• **PROBLEM STATEMENT**:
Every record must be transcribed in its entirety, apart from the images, which are to be omitted.

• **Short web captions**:
((
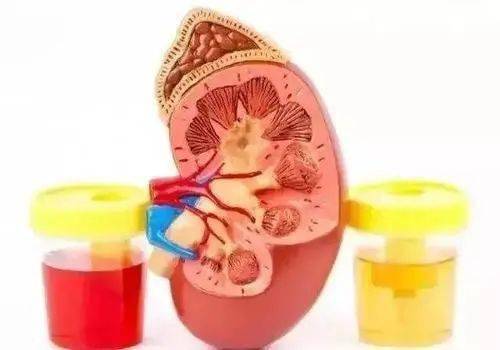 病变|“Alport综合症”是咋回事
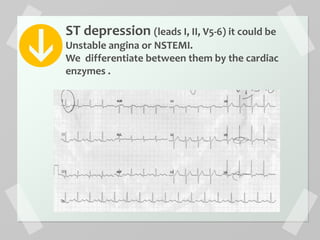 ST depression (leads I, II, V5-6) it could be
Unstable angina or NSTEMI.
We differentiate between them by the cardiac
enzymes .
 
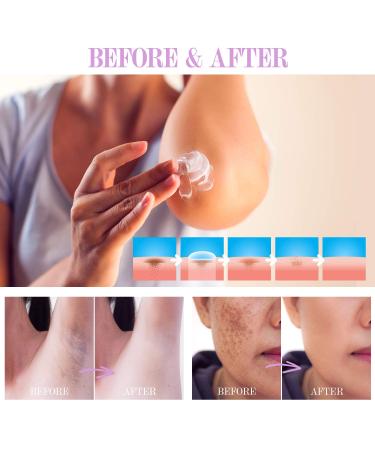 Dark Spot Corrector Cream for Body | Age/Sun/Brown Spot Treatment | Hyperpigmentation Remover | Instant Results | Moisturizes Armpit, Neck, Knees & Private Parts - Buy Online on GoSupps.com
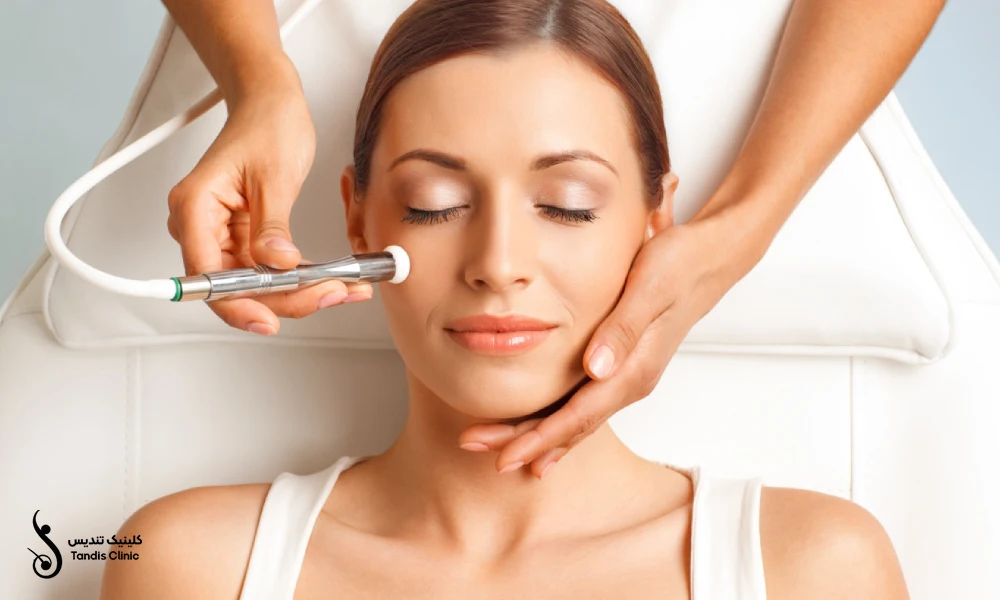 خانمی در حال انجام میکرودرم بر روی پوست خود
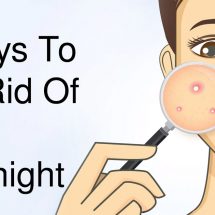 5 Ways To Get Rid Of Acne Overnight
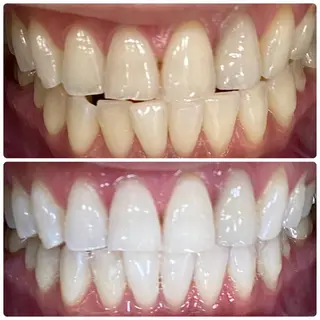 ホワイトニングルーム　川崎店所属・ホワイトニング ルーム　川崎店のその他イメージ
))
• **TASK SOLUTION**:
 病变|“Alport综合症”是咋回事
 ST depression (leads I, II, V5-6) it could be
Unstable angina or NSTEMI.
We differentiate between them by the cardiac
enzymes .
 
 Dark Spot Corrector Cream for Body | Age/Sun/Brown Spot Treatment | Hyperpigmentation Remover | Instant Results | Moisturizes Armpit, Neck, Knees & Private Parts - Buy Online on GoSupps.com
 خانمی در حال انجام میکرودرم بر روی پوست خود
 5 Ways To Get Rid Of Acne Overnight
 ホワイトニングルーム　川崎店所属・ホワイトニング ルーム　川崎店のその他イメージ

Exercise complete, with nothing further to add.